As rates for most loan types increased, mortgage applications fell to their lowest level in a month last week.
For the week that ended June 30, mortgage applications fell 4.4% from the prior week, according to data from the Mortgage Bankers Association.
“As mortgage-Treasury spreads remained wide, the 30-year fixed rate increased to 6.85%, the highest rate since the end of May,” said Joel Kan, MBA’s vice president and deputy chief economist. “Purchase applications decreased for the first time in a month, as homebuyers remained sensitive to rate changes.
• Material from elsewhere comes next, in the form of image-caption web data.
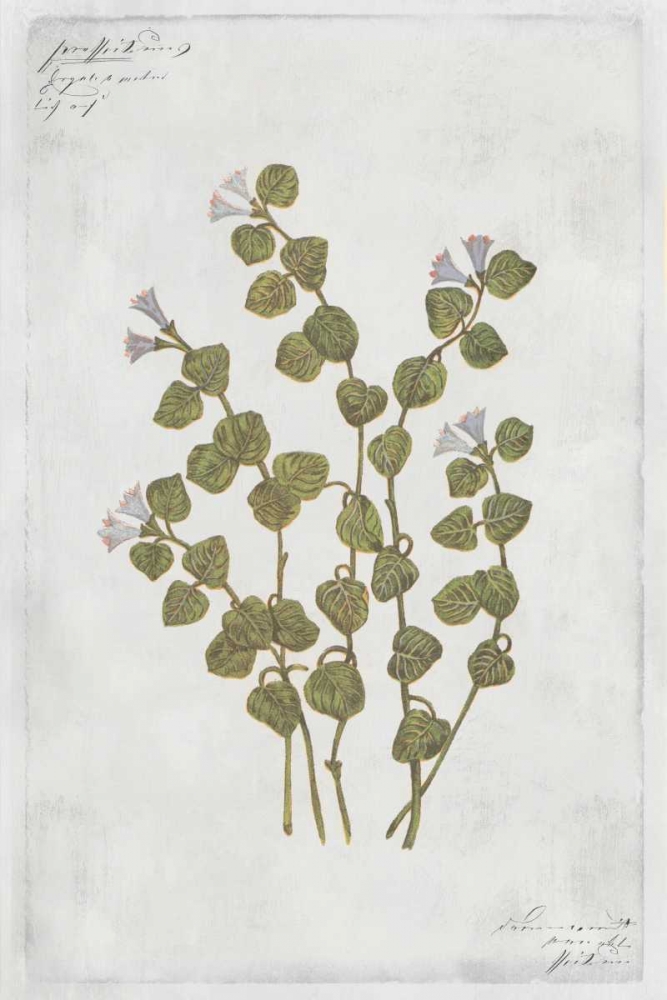 Patridge Berry art print by PI Collection for $57.95 CAD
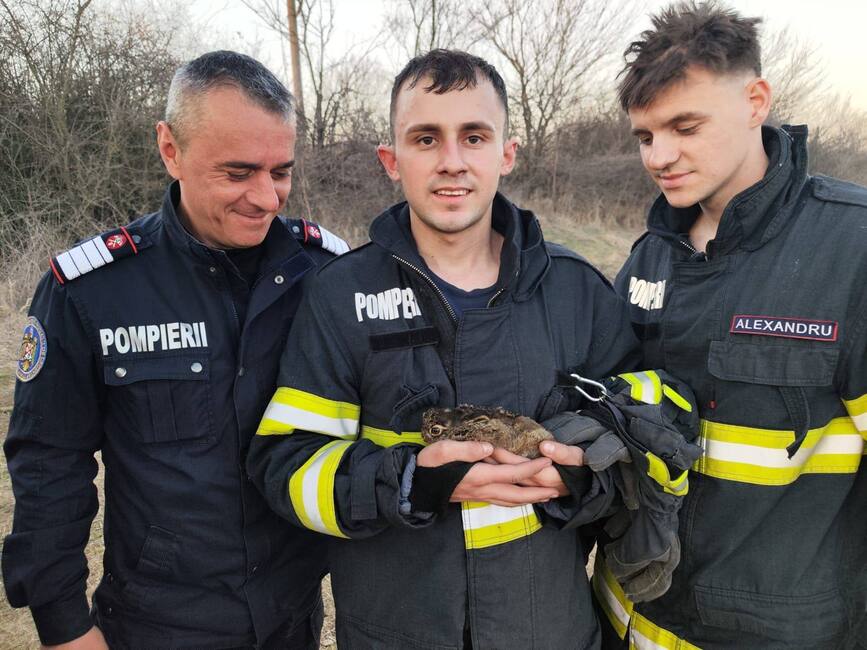 Pompierii gorjeni au salvat trei iepurasi din incendiile de vegetatie | imaginea 1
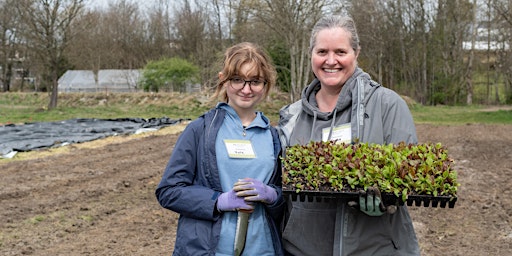 Volunteer at 21 Acres: Farm Stewardship  primärbild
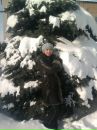 Наташа Іванчук фотография #13 (источник - https://vk.com/id140690168)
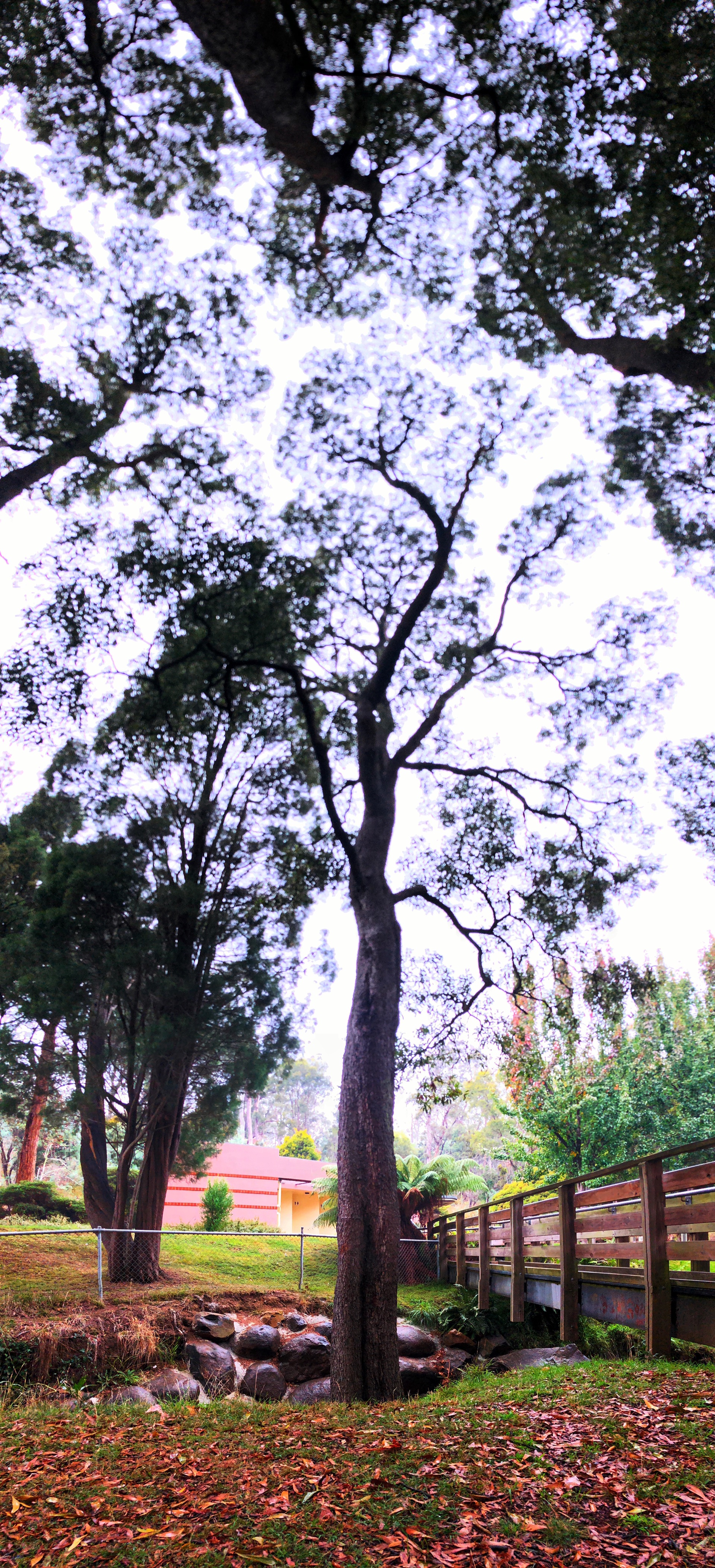 Punchbowl Reserve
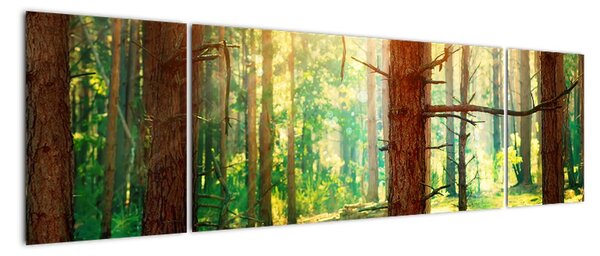 Moderní obraz - les (170x50cm)
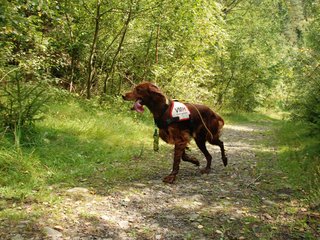 2009-08-22_ntb_6314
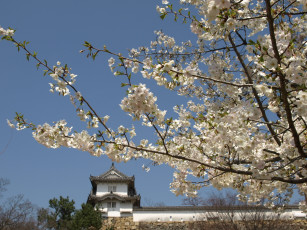 Картинка цветы сакура вишня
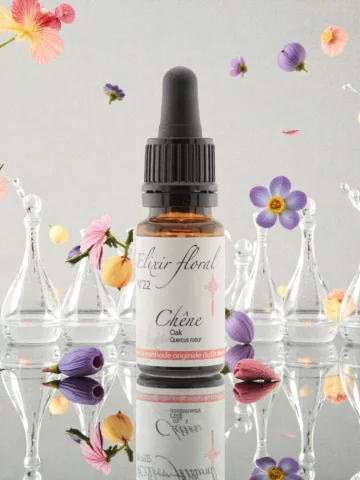 Fleur de Bach Ch&ecirc;ne Oak &Eacute;lixir floral Bio Endurance et L&acirc;cher-prise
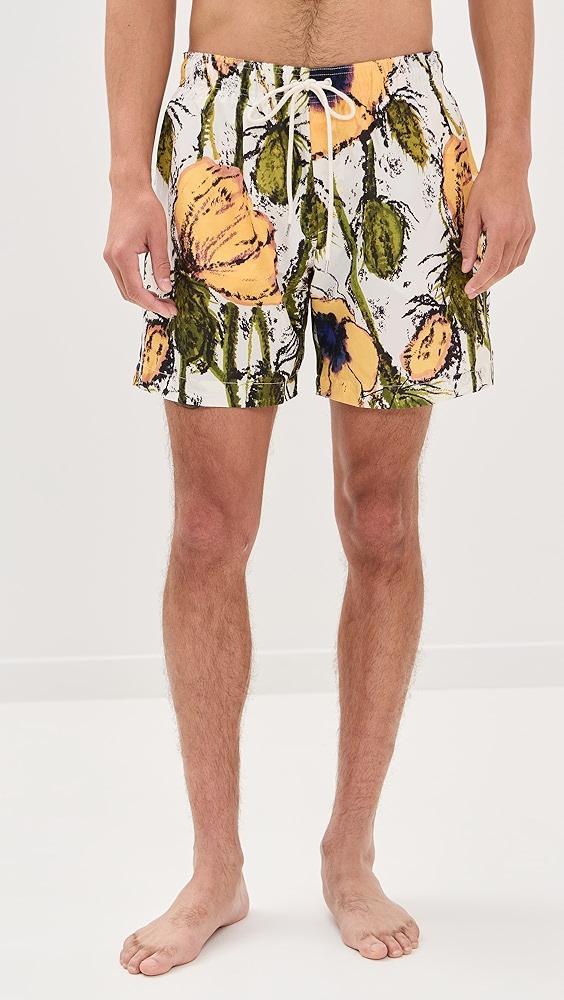 Wales Bonner Althea Shorts 7" | Shopbop Product Image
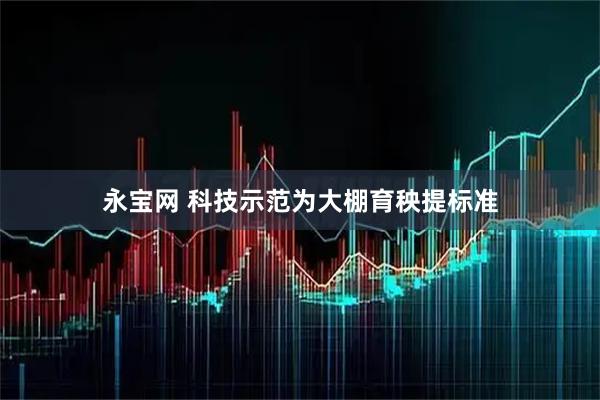 永宝网 科技示范为大棚育秧提标准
Rates are still over a percentage point higher than a year ago, and housing affordability is still a challenge in many parts of the country.”
Reduced purchase activity in some high-price markets and more activity in some of the lower price tiers might be responsible for this average loan size drop, explained Kan.
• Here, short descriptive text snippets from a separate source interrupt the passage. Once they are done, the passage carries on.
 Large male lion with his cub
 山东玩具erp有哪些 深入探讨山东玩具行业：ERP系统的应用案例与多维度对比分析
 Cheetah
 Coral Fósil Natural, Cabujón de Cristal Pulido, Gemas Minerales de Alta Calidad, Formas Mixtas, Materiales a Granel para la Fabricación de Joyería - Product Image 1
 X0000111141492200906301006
Last week, mortgage rates increased for most loan types, with the 30-year fixed rate increasing to 6.85% from 6.75%, per the MBA’s data. On the other hand, the jumbo rate was higher than the conforming rate for the fourth week in a row. The MBA data showed that for jumbo loan balances (greater than $726,200), the rate jumped to 6.95% from 6.91% last week.
At Mortgage News Daily, mortgage rates were higher on Wednesday, at 7.08%.
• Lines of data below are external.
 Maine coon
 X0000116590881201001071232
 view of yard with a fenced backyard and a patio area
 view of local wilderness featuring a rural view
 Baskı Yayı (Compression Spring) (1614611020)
Purchase applications decreased for the first time in a month, the purchase index decreased by 4.4% from one week earlier and was 22% lower than last year’s level on an unadjusted seasonal basis. Refinancing applications decreased 4% last week compared to the previous week and were 30% lower than the same week one year ago. However, the refinance share of mortgage activity increased to 27.4% of total applications from 27.2% the prior week.
The Federal Housing Administration loans’ share increased to 13% from 12.9% the week prior. The U.S. Department of Veteran Affairs loans’ share decreased to 11.7% from 12.2% the week prior. And the U.S. Department of Agriculture loans’ share remained unchanged at 0.4% of the total applications.